Learn how to recognize and overcome bureaucracy, office politics, and preconceived notions in your efforts to achieve constructive critical thought, both personally and throughout your organization.

This chapter is from the book 

Introduction

Living a human life, as we have seen, entails a variety of relationships and membership in a variety of human groups. Both the relationships and the groups to which we belong typically have a profound influence on our thinking, our emotions, and our desires. In Chapter 11, we considered the broadest implications of this fact, especially the implications of sociocentrism, a term that highlights group-dominated thinking in human life. In this chapter, we will focus somewhat more narrowly, on the problem of thinking effectively and working for change in corporate and other organizational structures.

To think effectively in corporate and organizational settings, it is helpful to consider the logic of these structures and explicitly face the questions one should ask when operating within them. The more we understand the logic of our circumstances, the more effectively we can act.

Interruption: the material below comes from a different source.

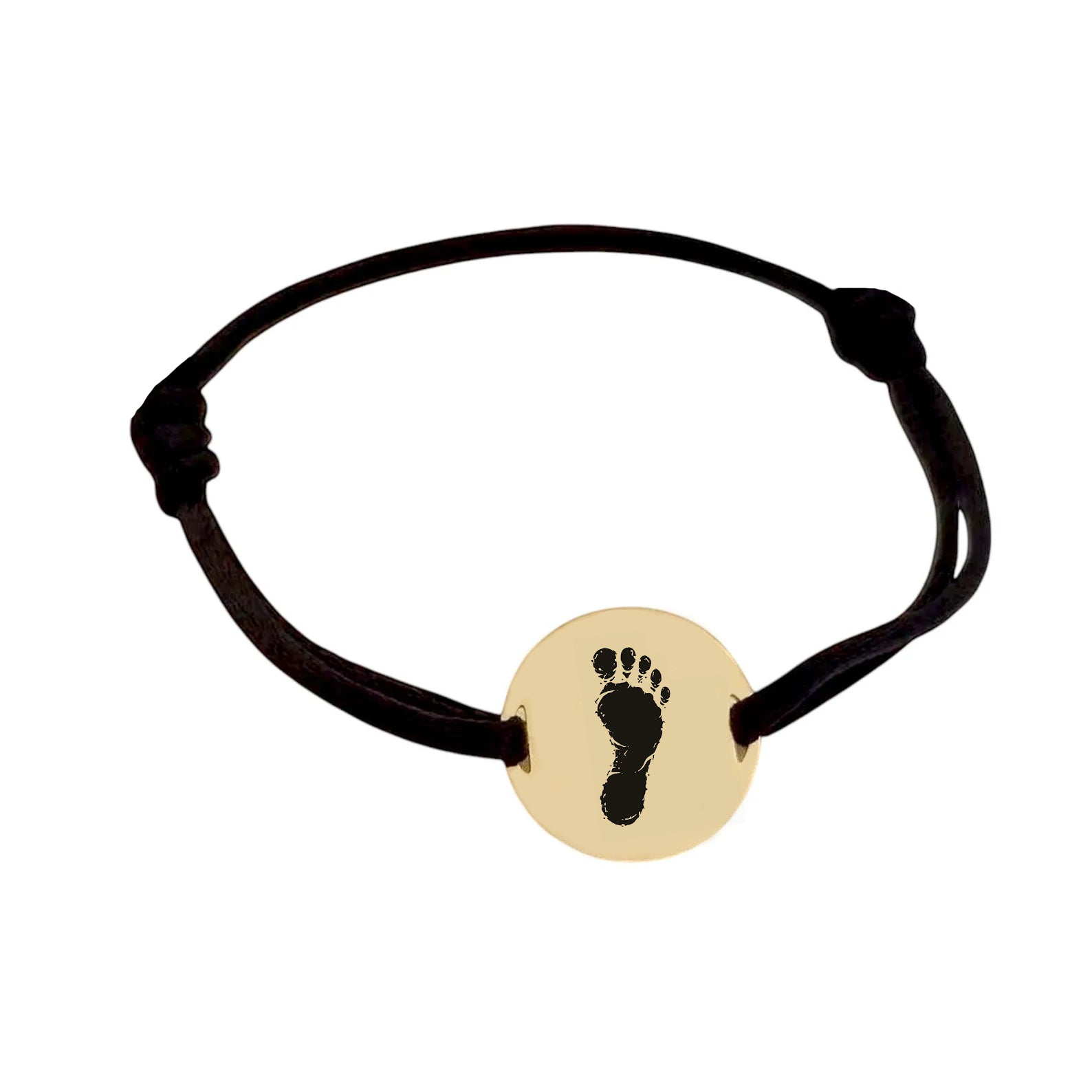 Bracelet personnalisé en cordon satiné avec médaille gravée - Nemeti Bijoux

Here is our plan. We will deal with the logic of organizational structures in some detail first, approaching their potential transformation from a number of different standpoints, including that of three predictable obstacles: the struggle for power, group definitions of reality, and bureaucracy. We will also look at the problem of "misleading success" as well as the relation between competition, sound thinking, and success. We will spell out some essential questions each of us should ask when working within a corporate or organizational setting. Following that, toward the end of the chapter, we will analyze six hypothetical cases illustrating some of the ways critical thinking might be applied to decision-making in a corporate or organizational setting. We will close the chapter with a list of conditions essential for success in facilitating a culture of critical thinking. The conditions we list suggest ways that an organization or corporation can begin to organize itself for long-range success through the use of critical thinking.

There are a number of factors we must take into account in thinking our way through organizational and corporate structures, factors that interact in different ways in different settings. Often we lack some of the vital facts we need to make sound decisions and must therefore judge in terms of probabilities rather than certainties. Often we cannot answer all the questions we would like to answer. In any case, critical thinking does not guarantee us the truth—rather, it affords us a way to maximize our best chance for it.